Spending Iran’s National Reserves

A country’s national reserves are usually comprised of personal savings and national funds. The Iranian government is tapping into its national reserves to cover its liabilities  and to fund  its proxies in the region.
The most recent withdrawal of $300 million from the National Development Fund (NDF) was for the Chabahar-Zahedan railroad construction project. Before that, 5,000 billion tomans ($1.2 billion in the official exchange rate) were  withdrawn from the NDF to  reconstruct areas devastated by flooding in the Golestan province. These are not exceptions. In just a year, tens of billions of dollars have been withdrawn from the NDF to pay for projects related to defense ($1.5 billion in February 2019), development ($2.3 billion in April 2019), employment creation ($1 billion in May 2019), and reconstruction ($2 billion in April 2019). Some withdrawals to fund terrorist groups are kept secret.
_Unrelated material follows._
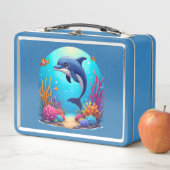 Whimsical Dolphin in einem lebendigen Korallenriff Metall Brotdose (Beispiel)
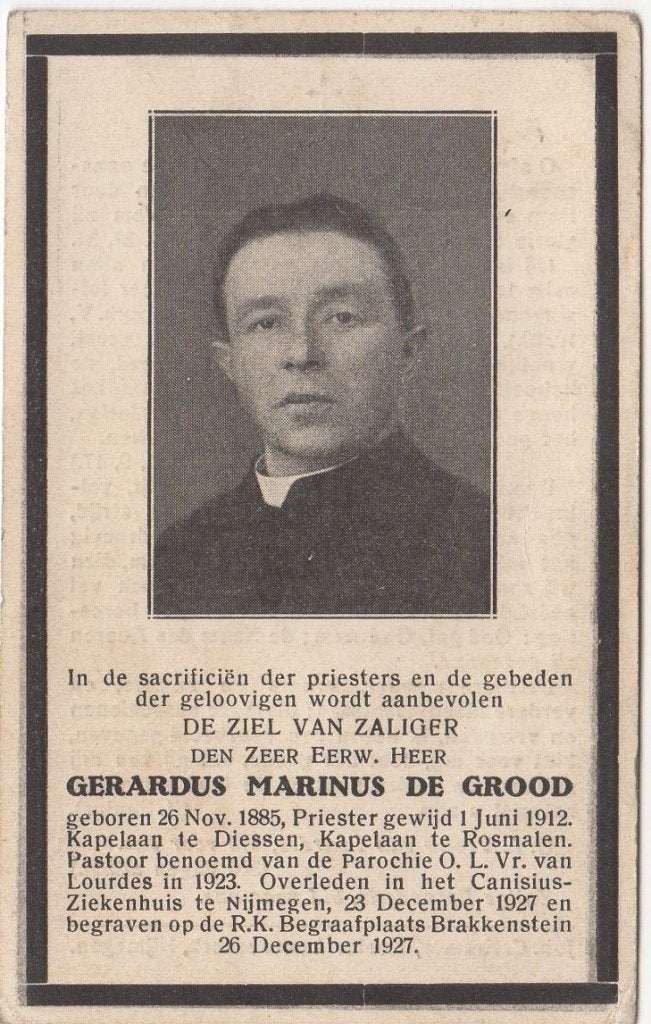 pastoor Gerardus  M. de Grood 1885 Nijmegen + 1927 Nijmegen, Ophalen of Verzenden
It is not clear how much is left in the NDF. It seems that Khamenei will pursue his “resistance” policy until every last penny of the NDF is spent.
Other than national reserves, the government has been issuing bonds to take care of its budget deficit. The latest government bonds that were approved on September 17, 2019 were worth 38 trillion tomans ($3.5 billion) to compensate for decreasing oil revenues.

“No War, No Negotiation” but Microaggressions

From Khamenei and his advisers’ point of view, these three strategies are complementary: the first one will allow Iran to deal with the impact of US sanctions particularly on its oil sector  and will provide enough cash for the government’s ambitious objectives  in the region; the second one will inflict some pain on the United States and its allies in the region; and the third one will reduce  domestic tensions for the time being. Considering these factors, Khamenei will continue his “no war, no negotiation” policy while cautiously increasing tensions through microaggressions.